Conditionality is therefore the reflection of western donor support for an alternative approach to development. It is the compelling insistence of donor countries for compliance by the recipient states. All African countries are recipients of aid and some depend on foreign aid on about twenty four percent of their national budgets. Donors lost confidence in the national governments because of the deplorable state of development in the region. The sovereignty of the recipient African countries became increasingly undermined thus bringing into question the communitarian notion of international relations[5]. On the other hand, donor confidence increased occasioning a re-think of the hitherto prevailing doctrine of non-intervention in the internal affairs of sovereign states. Conditionality is therefore enhancing the Westphalian notion of international society.

2.2 FROM CRISIS TO ECONOMIC REFORM

The 1980s marked the peak of economic and political crisis in Africa as most governments became bankrupt and heavily indebted. Most states in the region were unable to finance their national expenditures or to service the huge amounts of debt owed to aid donor nations and private banks. There was rising inflation in the entire region and a very slow growth. In the republic of Benin for instance, there was economic stagnation and the bankrupt government could no longer pay salaries of civil servants (Lancaster, 1999:26). Faced with these difficult situations, African governments turned to multilateral donors like the IMF, World Bank and the EU for more aid and debt relief. Key to these problems was the huge mismanagement and misallocation of economic resources by African leaders. The World Bank once offered loans to Equatorial Guinea to promote cocoa farming and government ministers immediately seized the best cocoa farms and spent the loans on luxury cars. A study carried out between 1970 and 1996, showed that for every one dollar that Africa received in aid, eighty cents flowed out as capital flight into Swiss bank accounts or to buy mansions in Europe (The Economist, 2004:12). This attitude of the ruling class made the debt burden of African countries heavier, made aid ineffective and stagnated development.

Faced with increased demand from the African countries and the ever-deteriorating situation in the region, multilateral donors like the World Bank, the EU and other aid donors designed and funded economic reform programmes. This was because many African countries had deep-seated economic problems and started experiencing structural problems. The donors started broadening conditionality to structural issues and that became more apparent in the 1990s. In 1998, a study by David Dollar and Lant Pritchett of the World Bank showed that countries with sound economic policies and good institutions benefitted from aid (The Economist, 2004:12). African governments therefore accepted to implement structural and sectoral adjustment programmes as prerequisites of aid.

The Structural Adjustment Programmes (SAP) were aimed at combating the ever rising inflation and achieving favourable balance of payments for African economies. Conditionality became formalised because of innovative thinking by Jacques Polak, who developed a model that had very clear policy implications in linking restoration of stability in the balance of payments through excessively expansionary monetary and fiscal policies. So instead of requiring countries to try to act directly on the balance of payments, which would be very difficult, the World Bank wanted the African countries to try to act directly on monetary and fiscal policies that they could control.

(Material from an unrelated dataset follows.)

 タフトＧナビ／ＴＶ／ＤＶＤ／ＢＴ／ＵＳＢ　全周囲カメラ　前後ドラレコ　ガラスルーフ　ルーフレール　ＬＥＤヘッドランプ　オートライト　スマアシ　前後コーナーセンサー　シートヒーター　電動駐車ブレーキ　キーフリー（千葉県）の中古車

It was hoped that reduced inflation would increase investment that was necessary for economic recovery in the entire region. Governments were required to cut spending, liberalise domestic markets, reform their tax systems and reduce trade barriers. Also, the recipient states were asked to carry out administrative reforms and the privatisation of parastatals.

Surprisingly, the dream of increased investment and the most cherished goals of economic reform in Africa were never attained. Unemployment remained high in most of the region and economic growth was slow. One reason for this was the unbalanced implementation of economic reforms with most governments resisting civil service reforms and privatisation. Most stabilisation programmes were never fully implemented and they had the negative impact of restraining domestic demand for imports (Lancaster, 1999:26). Reforms in prices, public services, policies and institutions involving agriculture, education, finance were insufficient and poorly implemented. Under conditionality, African countries were compelled to implement measures which essentially complicated the economic problems confronting them.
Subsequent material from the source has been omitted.